- Data segment -
- Opening Delimiter -
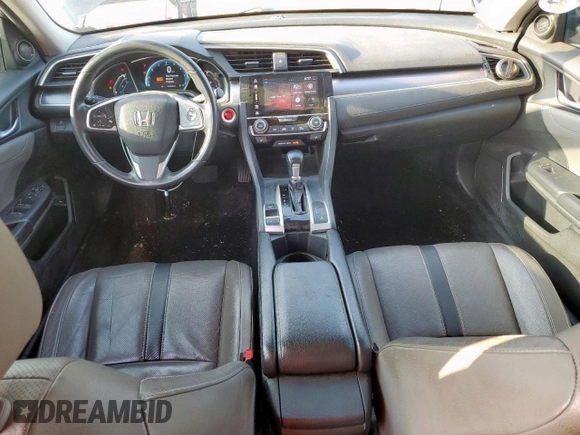 2016 Honda Civic Sedan EX-L with VIN 19XFC1F72GE020165, listed as a Copart auction lot 54085515 with 157,622 mi miles and Clean Title. Bid and sale history available at carsss.com. Image 8.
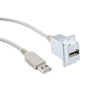Picture of USB Type A Coupler, Female Bulkhead/Male, 120 in.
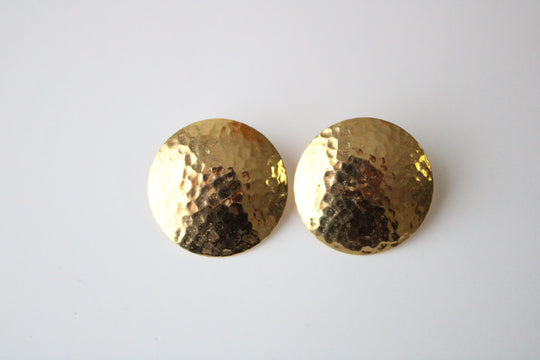 Napier Hammered Gold Clip On Earrings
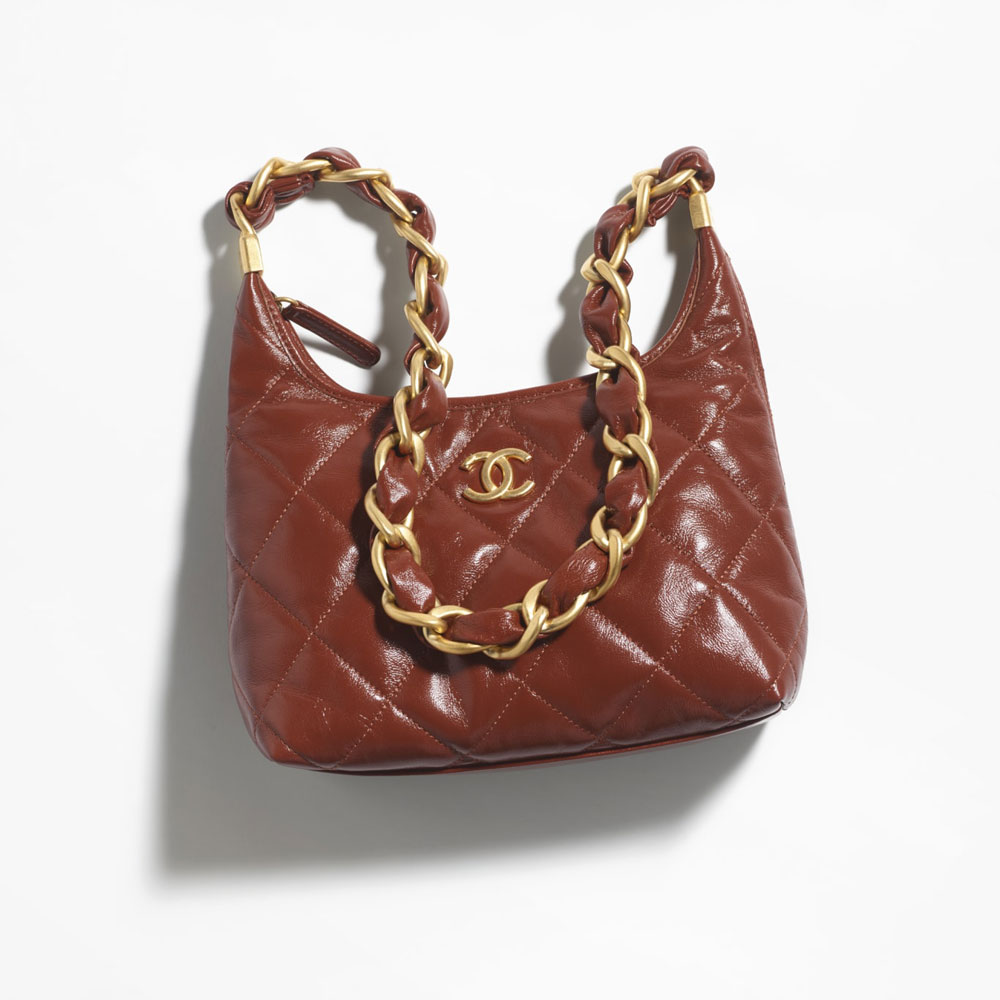 Chanel Small hobo bag Shiny lambskin AS4922 B16897 NY562: Image 1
- Closing Delimiter -
Return the material in full and unaltered, minus its pictures.

 2016 Honda Civic Sedan EX-L with VIN 19XFC1F72GE020165, listed as a Copart auction lot 54085515 with 157,622 mi miles and Clean Title. Bid and sale history available at carsss.com. Image 8.
Picture of USB Type A Coupler, Female Bulkhead/Male, 120 in.
 Napier Hammered Gold Clip On Earrings
 Chanel Small hobo bag Shiny lambskin AS4922 B16897 NY562: Image 1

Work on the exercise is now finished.